Impact
The vulnerability arises when an iSER initiator sends a login PDU that is shorter than the required 76 bytes. The kernel subtracts the header length from the reported byte count without a lower bound, producing a negative value that is subsequently used as the length for a memcpy operation. Because the length is sign-extended to a size_t, the operation attempts to copy several gigabytes into an 8192‑byte buffer, causing a memory corruption that results in a crash of the node. The flaw is exploited during the login phase, before any authentication, so no credentials are required for an attacker to reach a failing path.

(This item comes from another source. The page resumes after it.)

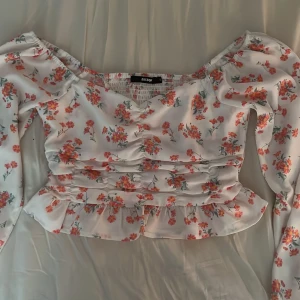 Blommig blus från Bik Bok med volang - Supersöt blommig blus från Bik Bok i vitt med rosa blommor. Toppen har långärmade puffärmar, v-ringning, rynkade detaljer framtill och en volangkant nedtill.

The impact is a loss of availability; the node becomes unresponsive after a single malicious request.
Affected Systems
This flaw affects all Linux kernel releases that include the iSER (IB/ISERT) driver without the recent patch. The vendor is Linux, and any distribution that ships the kernel with this driver is potentially exposed unless the kernel has been updated beyond the point where login PDUs shorter than ISER_HEADERS_LEN are rejected. Exact version information is not supplied, so all modern kernels that support iSCSI over RDMA are considered affected.
Risk and Exploitability
The CVSS score is not provided, and the EPSS score is unavailable, but the practical availability of the flaw is high: no authentication is required, the exploit is a simple crafted PDU, and the attack can be performed from any remote iSER session. The vulnerability is not listed in CISA’s KEV catalog, but that does not diminish the likelihood of exploitation in environments that expose the iSCSI port. Because the flaw leads directly to a crash, the operational impact is full denial of service, making it a high‑severity issue for any system that relies on the iSER driver.